The Trump administration announced Thursday that it had picked a former official at for-profit DeVry University to head an Education Department unit that polices colleges for student aid fraud.
Last year, DeVry paid $100 million to settle federal claims it misled students.
Julian Schmoke Jr., who was an associate dean at DeVry from 2008 to 2012, will lead federal student aid enforcement activities, Education Secretary Betsy DeVos said.
"In addition to a track record of successfully advocating for students for more than 20 years, he brings experience in higher education leadership, instruction and accreditation, including serving in an academic capacity at DeVry University, where he ensured the delivery of a quality education to students," the Education Department said in a news release.
"Dr. Schmoke will lead a team focused on identifying, investigating and adjudicating statutory and regulatory violations of the federal student aid programs and on resolving borrower defense claims," the release said.
The move drew criticism given DeVry's troubles and the Trump administration's efforts to reverse an Obama administration crackdown on for-profit colleges.
"This is like the fox guarding the hen house," Sen. Richard Durbin (D-Ill.) said on Twitter.
Sen. Sherrod Brown (D-Ohio), who joined Durbin and two other senators on Aug. 7 in urging DeVos to pick an enforcement chief who had expertise in enforcement, blasted the hiring.

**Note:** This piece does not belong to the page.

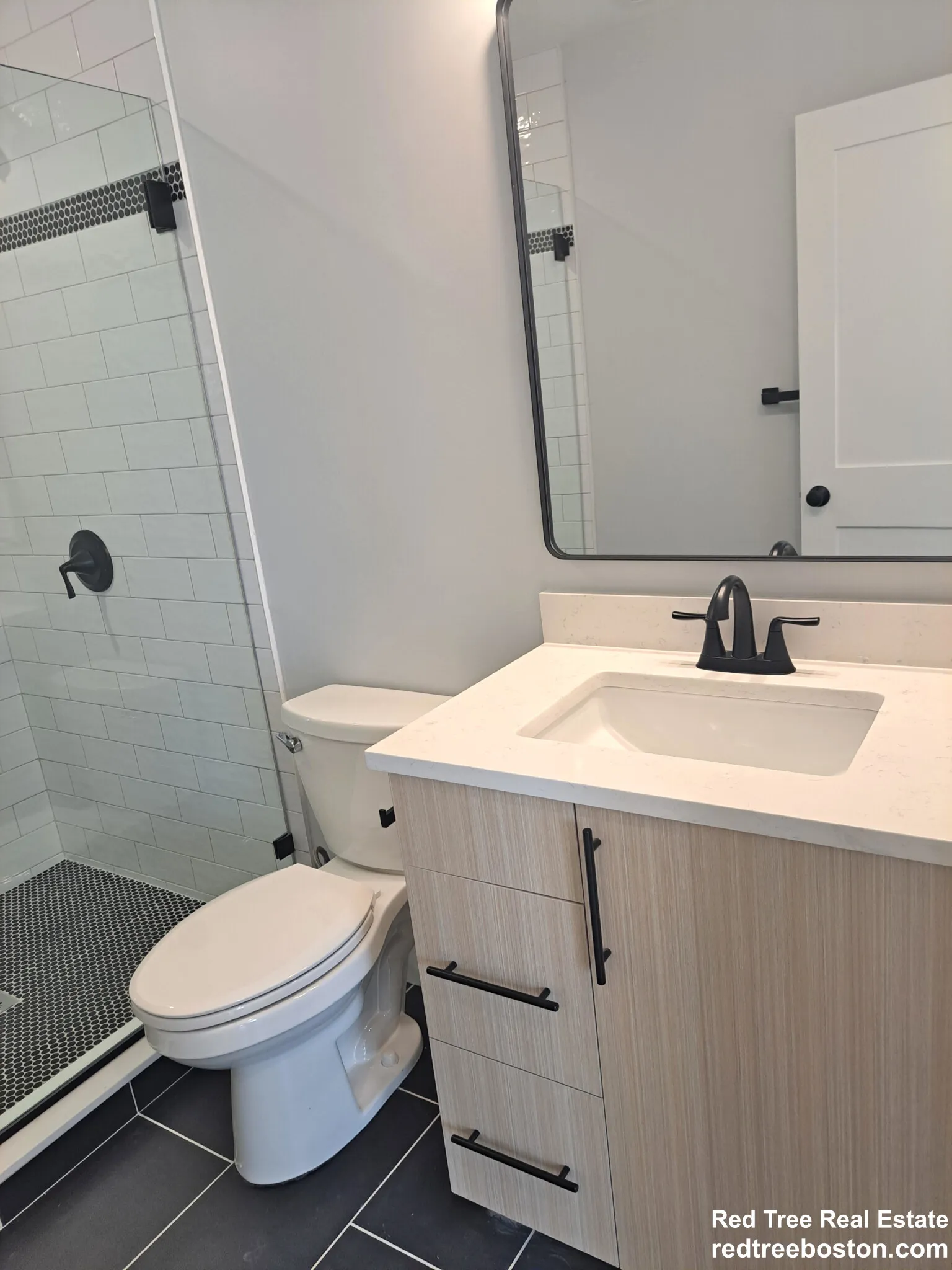 425 Market St, Oak Square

"Students deserve an experienced, qualified investigator looking out for their best interests – not a for-profit college shill with no consumer protection experience," Brown said.
A senior Education Department official, who requested anonymity to discuss the hiring, said Schmoke served in solely an academic capacity at DeVry and had no knowledge of or involvement in the school's federal settlement.
President Trump ran a for-profit school, the now-defunct Trump University, and paid $25 million to settle a class-action suit that alleged fraud at the operation. And DeVos is an advocate of for-profit schools; her government ethics forms showed she has investments in companies connected to the industry, according to the Center for American Progress, a liberal think tank.
In June, DeVos suspended new rules set to go into effect on July 1 that had been designed to make it easier to forgive loans for students left stranded by the collapse of for-profit chains such as Corinthian Colleges Inc. and ITT Technical Institute and to try to prevent future abuses.
DeVos is rewriting those rules, a move that drew complaints from student advocates and Democrats.
DeVos said Thursday that she was focused on a "stronger approach" to enforcing compliance by colleges with federal student aid rules and to protecting students, parents and borrowers against "bad actors."
"Protecting students has always been my top priority," she said in a written statement.
Schmoke was among five new hires announced Thursday. They will work under A. Wayne Johnson, the new chief operating officer of the department's Federal Student Aid office.
Schmoke will head a unit created by the Obama administration in part because of problems involving for-profit colleges.
In December, DeVry and its parent company, DeVry Education Group Inc., agreed to pay $100 million to settle a Federal Trade Commission lawsuit alleging that the school had misled potential students with ads about its post-graduation success rates.
DeVry Education Group, which is one of the nation's for-profit college chains, renamed itself Adtalem Global Education this spring.
Since mid-2012, Schmoke has been executive director of campus operations for West Georgia Technical College, a public school that is part of the Technical College System of Georgia, according to his profile on LinkedIn.
Schmoke, who has degrees from Dartmouth College, the Georgia Institute of Technology and Mercer University, began at DeVry in 2007 as a department chair teaching electronics and math courses, his profile said.
In October 2008, he became associate dean for DeVry's College of Engineering and Information Sciences, leading a staff of more than 40 full-time and adjunct faculty. He left in April 2012. He also was a visiting professor for DeVry's online degree program during that time.
On Aug. 9, Durbin, Brown and Sens. Patty Murray (D-Wash.) and Elizabeth Warren (D-Mass.) wrote to DeVos and Johnson urging them to "take immediate action to name a credible, well-qualified, independent and permanent" enforcement chief.
"This individual must be well-qualified to serve in this critical role, and they must be politically independent and insulated from the rest of the department's leadership," the senators wrote.
"They must also have relevant experience in consumer protection or litigation, managing attorneys, and conducting investigations with the highest ethical standards," the senators said.
The Obama administration had named FTC veteran Robert Kaye as the first head of the unit. He had been chief litigation counsel for the FTC's Consumer Protection Bureau and manager of the bureau's enforcement division. Kaye left the job in March.
12:05 p.m.: This article was updated with comments from Sen. Sherrod Brown and a senior Education Department official.